Why do French songs add some sort of extra dimension, a sort of sensuality and exoticness which instantly comes across as you listen?
You’re immediately transported to the banks of the Seine the minute you hear an accordion, but when you hear a tune you know with words you don’t, it creates an immediate tension in the listener which is both intriguing and yet comfortable at the same time.
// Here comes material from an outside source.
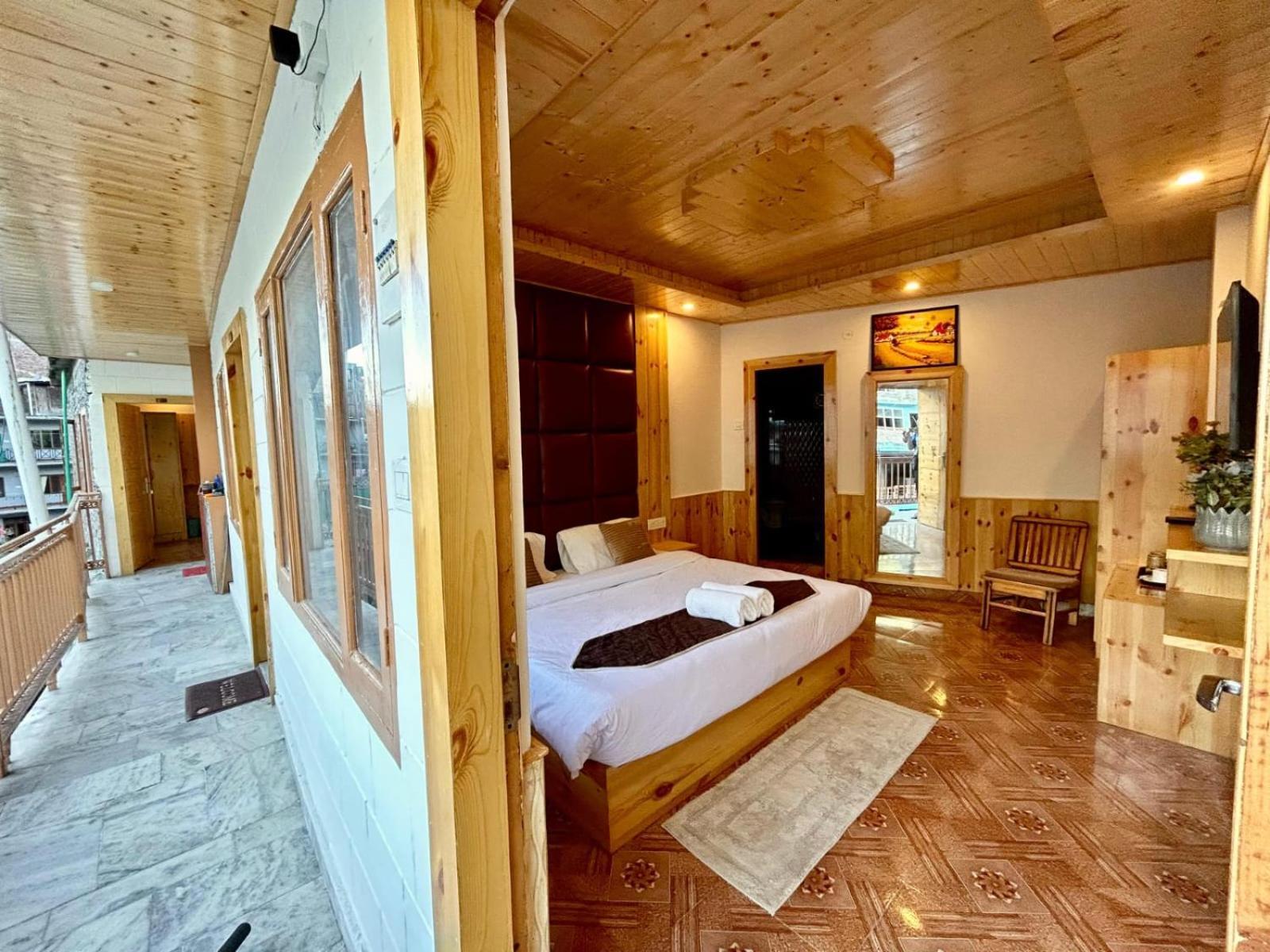 Hotel Jannat Manāli Buitenkant foto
French music in English language movies is used to create mood and instantly delivers it without us noticing that we have been moved to feel something. ‘Les Yeux Overts’ from the movie French Kiss, for instance, is immediately recognizable as Dream a Little Dream. But the lush orchestration enhanced by a tinkling piano and a lead singer with just a hint of suggestion in her voice immediately gives you a sense of loss and hope at the same time.
I believe these songs work so well because we might not know exactly what they mean. We have to take the feelings they evoke and then work out for ourselves how to interpret them. Somehow, we immediately get it, even if we don’t understand the nuances.
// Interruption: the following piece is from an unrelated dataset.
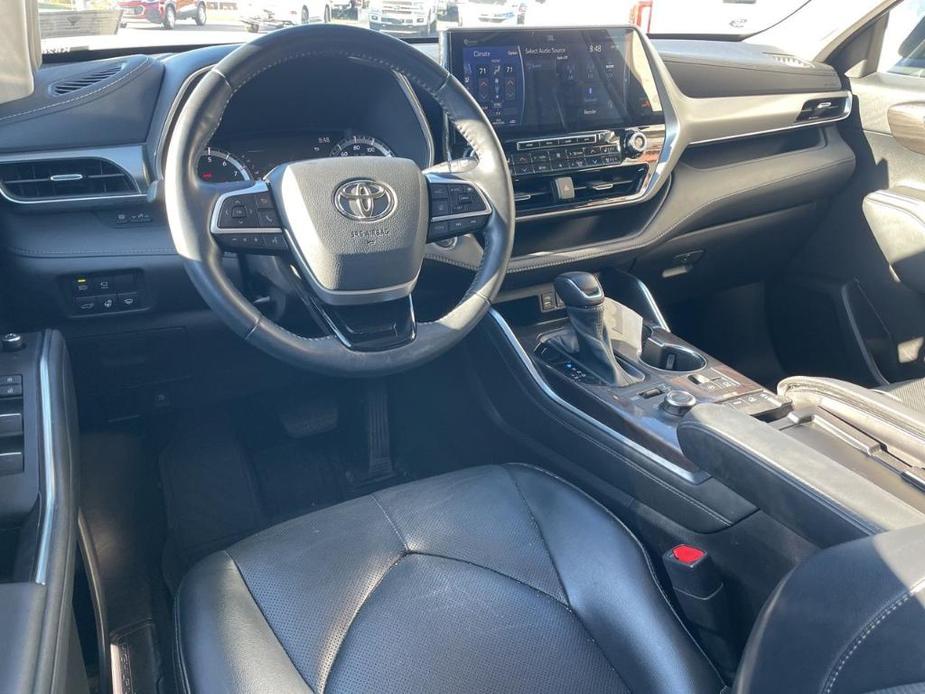 used 2022 Toyota Highlander car, priced at $41,927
Edith Piaf’s siren song ‘Non, Je ne regrette rien’ is possibly overused, but nevertheless, it is a call to arms for all strong women. It creates a sense of unity and of solidarity, even in Madagascar 3!
‘Parlez-moi d’Amour’ creates iconic moments between Rick and Ilsa during lovelorn Casablanca. It is hard to imagine the film ending any other way than it does, no spoilers here, you have to see it if you haven’t already. But though you know she’s singing about love, you get immediately that someone’s heading for a heartbreak.
‘Sous le Ciel de Paris’ in its original version even had the accordion accompaniment just in case you didn’t get the point that what’s happening is right there in Paris. And it is important, at least to the two concerned.
Perhaps you don’t immediately recognize ‘Les moulins de mon cœur’ but if you have seen either of the Thomas Crown Affair movies you have heard it – just in its English incarnation. Noel Harrison sung it in the original and Sting covered it in the remake. It is the ‘Windmills of Your Mind’ by Michel Legrand.
What is remarkable is that we all recognize the top-level feeling evoked by the music. Take the movie Something’s Gotta Give. French music is used throughout to convey loss, hope, romance and heartbreak throughout the film and just in case you didn’t get the message, the film moves to Paris for the final denouement.
On a final note, occasionally we like to make the sentiment obvious. Think Frank Sinatra for a moment. There’s a good chance that My Way popped into your head. You guessed it, it started life in French. ‘Comme d’habitude’ is the name of the song and no, it doesn’t quite have the same cachet.